Posted on 05/06/2012 8:36:45 AM PDT by Borges

I can see it clearly: the American literature textbook from my sophomore year in high school, complete with faded red cover, frayed spine, and a list of students who had rifled through its pages in years past.

In it I discovered a kindred spirit, soul mate and best friend. His name was Henry David Thoreau, and he died 150 years ago today, at the age of 44.

I remember his first words to me:

"I went to the woods because I wished to live deliberately, to front only the essential facts of life, and see if I could not learn what it had to teach, and not, when I came to die, discover that I had not lived."

They were powerful words to introduce to a teenager, words that spoke to the long-standing vocation of teens everywhere: to question, to challenge, to rebel!

Thoreau went on:

"If a man does not keep pace with his companions, perhaps it is because he hears a different drummer. Let him step to the music which he hears."

More teenage validation. I was hooked.

To me, Thoreau, who was born in 1817 in Concord, Mass., is one of the most important figures in American history.

Some folks change how people do things. Henry Ford and Steve Jobs come to mind. Others change how people think. Thoreau falls into this latter category, and his influence goes far beyond how quickly we travel (Thoreau was a passionate walker and perfected the "art of sauntering") or how easily our smartphones can map the route (Thoreau was an accomplished surveyor, too).

Thoreau's influence can be found in the inspiration his life and his writings provide to the world.

In 1845, at the age of 27, Thoreau set out on one of man's greatest experiments.

Building a small cabin in the woods by Walden Pond, on property owned by his mentor Ralph Waldo Emerson, Thoreau spent two years and two months living in nature and chronicling his observations. The resulting text, "Walden, or Life in the Woods," continues to inspire people and is considered by many the bible of the environmental movement.

Likewise, Thoreau's "Civil Disobedience," written after he spent a night in jail for refusing to pay taxes to a government that supported slavery, has inspired world-changers such as Leo Tolstoy, Mahatma Gandhi, John F. Kennedy and the Rev. Martin Luther King Jr.

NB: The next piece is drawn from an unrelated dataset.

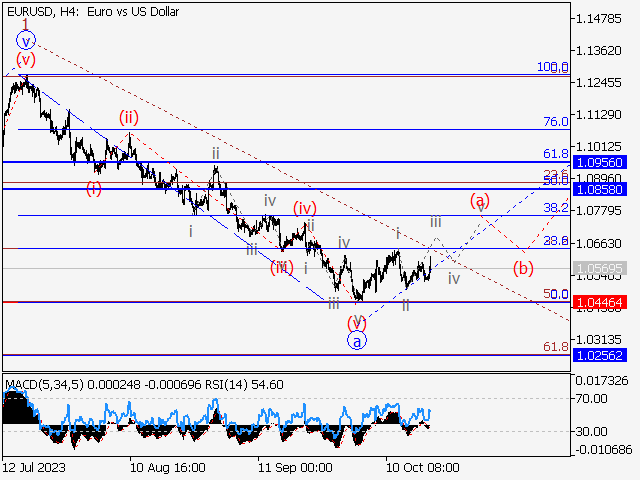 EURUSD: волновой анализ и прогноз на 20.10.23 – 27.10.23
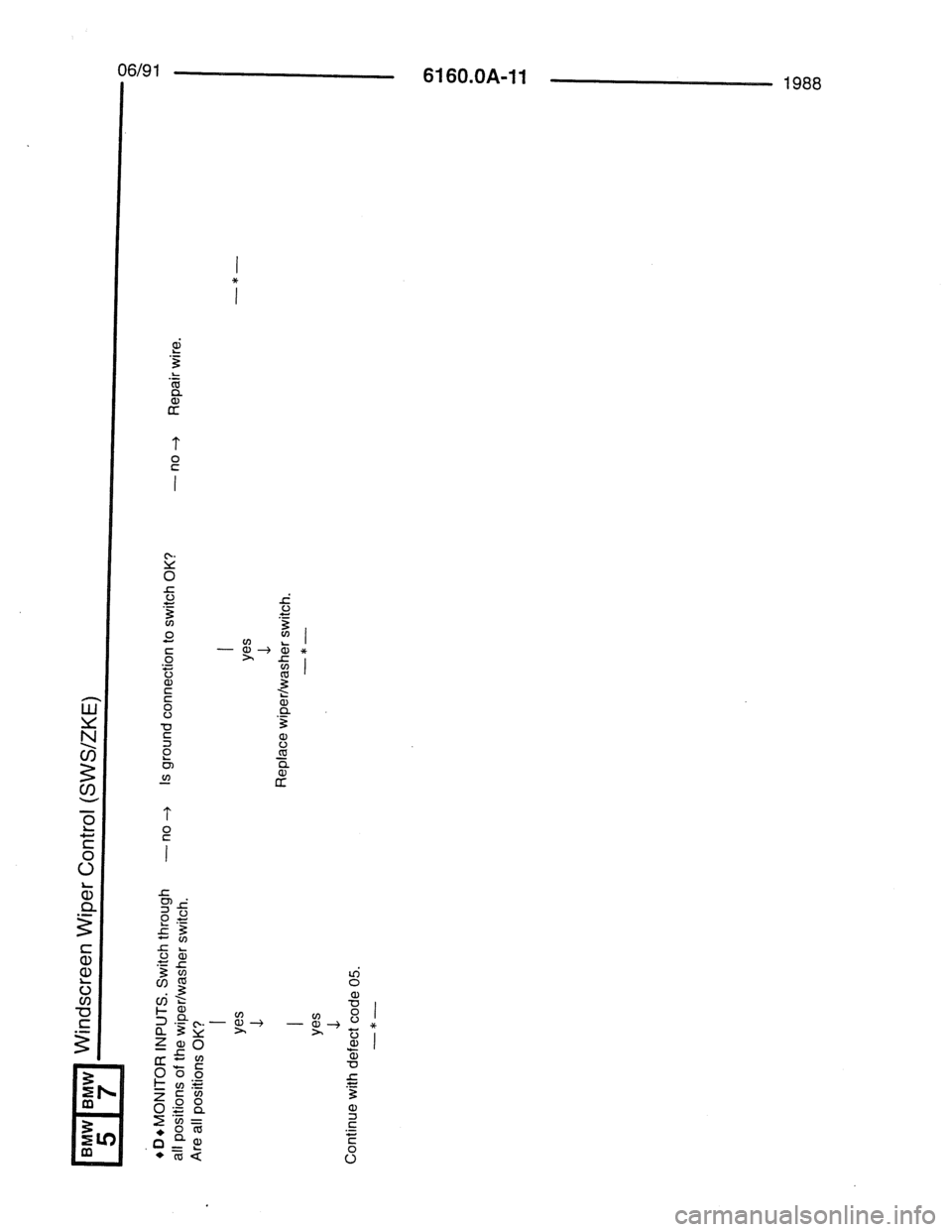 BMW 7 SERIES 1988 E32 Electrical Troubleshooting Manual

Thoreau was many things to many people, and sometimes he is too easily placed into bumper-sticker purgatory, his evocative and biting one-liners used to advance a particular cause or agenda. Thoreau the Environmentalist. Thoreau the Naturalist. Thoreau the Conscientious Objector. Thoreau the Transcendentalist. Thoreau the Abolitionist.

Thoreau was all these things, but he was much more, and to put labels on him is to limit his legacy. Above all, Thoreau was an uncompromising individual who valued life to such an extent that he spent his entire existence examining that life. In other words, he was a truth-seeker.

Truth-seeking comes easily to teenagers, and there is no better time to discover Thoreau. Somewhere along the line, though, that teenager too often stops seeking the truth, and by the time adulthood rolls around, conformity takes hold and truth-seeking becomes a less noble and more challenging endeavor.

It is then that the frayed American lit textbook needs to be opened one more time. Thoreau calls out from the pages, reminding the "grown-up" of the directive that so inspired many years before:

"If one advances confidently in the direction of his dreams, and endeavors to live the life which he has imagined, he will meet with a success unexpected in common hours."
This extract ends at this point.